One in five convenience retailers say their sales of wrapped bread and bakery have declined in the past 12 months, according to a new study.

Researchers found that wrapped bakery sales had fallen in 20.7% of c-stores, while 11.4% of stores reported an increase in sales.

The report, called The Vital Ingredient, aims to show how c-stores can grow their wrapped bread and bakery sales.

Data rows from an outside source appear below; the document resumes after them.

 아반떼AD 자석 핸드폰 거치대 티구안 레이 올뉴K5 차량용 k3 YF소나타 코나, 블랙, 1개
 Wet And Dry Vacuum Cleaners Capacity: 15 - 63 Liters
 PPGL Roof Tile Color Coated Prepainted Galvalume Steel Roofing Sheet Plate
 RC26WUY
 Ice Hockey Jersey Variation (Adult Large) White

Based on research including hundreds of interviews with symbol group and independent convenience retailers and shoppers, it has been compiled by retail consultancy firm HIM, which is owned by British Baker publisher William Reed Business Media.

Almost three-quarters of retailers said bakery was important to their business, but a large proportion said they did not know how to compete in the bakery market against rivals including the major supermarkets.

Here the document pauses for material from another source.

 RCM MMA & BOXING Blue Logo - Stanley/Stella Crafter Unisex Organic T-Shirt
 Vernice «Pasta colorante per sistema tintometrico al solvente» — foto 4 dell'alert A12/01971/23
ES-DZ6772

The study highlights the value of the category to retailers, with one in 10 shoppers saying wrapped bakery was the main reason they came into stores.

It also found that wrapped bread shoppers spent an average of £7.92 in a shopping trip compared with the typical c-store spend of £6.13.

“Families are important to the wrapped bakery category and are the most likely to spend the most on this category,” stated the study. “However, those that live alone are also prominent in c-stores, so ensure small pack sizes are available.”

The report covered areas where retailers needed the most advice and highlighted that it was not just based on brands.

“With some consumers decreasing their white bread consumption, look to provide alternatives within your range to ensure they are switching from white bread to other bread alternatives rather than out of the category altogether,” it said.

Independent retailers told researchers that they saw growth coming from alternative bakery options, but said they received little advice on how to maximise the category.

And retailers suggested concerns about waste prevented them from stocking certain types of product – with more than a third of independent retailers saying they would not stock gluten-free options for this reasons.

“Suppliers need to offer advice on minimising wastage to encourage variety within wrapped bakery ranges,” stated the report.

Other topics covered by the study included consumer trends and opinions, bakery ranging and merchandising, and how to tailor a bakery range.